[Math] Why does an elliptic curve have genus one

Question

I read that one definition of an elliptic curve goes as follows: Let $k$ be a field. We define the elliptic curve over $k$ be a smooth projective curve $E$ over $k$, isomorphic to a closed subvariety of $\mathbb P_k^2$ defined by a homogeneous polynomial $F(u,v,w)$ of the form
$$F(u,v,w)=v^2w+(a_1u+a_3w)vw-(u^3+a_2u^2w+a_4uw^2+a_6w^3),$$
where $a_i\in k$ for $k\in\{1,2,3,4,6\}$, with privileged rational point $o=(0,1,0)$. How can I prove from this definition that the arithmetic and geometric genus of any elliptic curve over a given field $k$ is 1 if $\operatorname{char}(k)\ne 2$? This problem was popped on my mind when I was reading Takeshi Saito's book Fermat's last theorem: Basic tools lemma 1.10. (2) as well as definition of an elliptic curve from Qing Liu's book Algebraic Geometry and Arithmetic curves.

Answer 1

If you define it to be a projective curve given by a degree 3 polynomial, you just need a formula linking the degree of a plane curve with the genus.
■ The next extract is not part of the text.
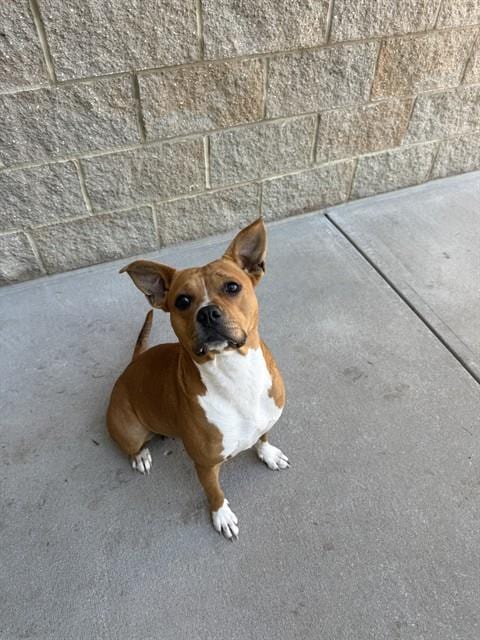 Photo of Amora, adoptable American Staffordshire Terrier in Lee's Summit, Missouri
This you can find:

http://en.wikipedia.org/wiki/Genus%E2%80%93degree_formula

(By smoothness, which you can check by hand, it doesn't matter if you want to refer to arithmetic or geometric genus).

It's a bit more natural to define it to be a (smooth projective) genus one curve with a marked point, and then prove every such object can be given an equation like the one you wrote, but it can be easier to define everything in terms of equations.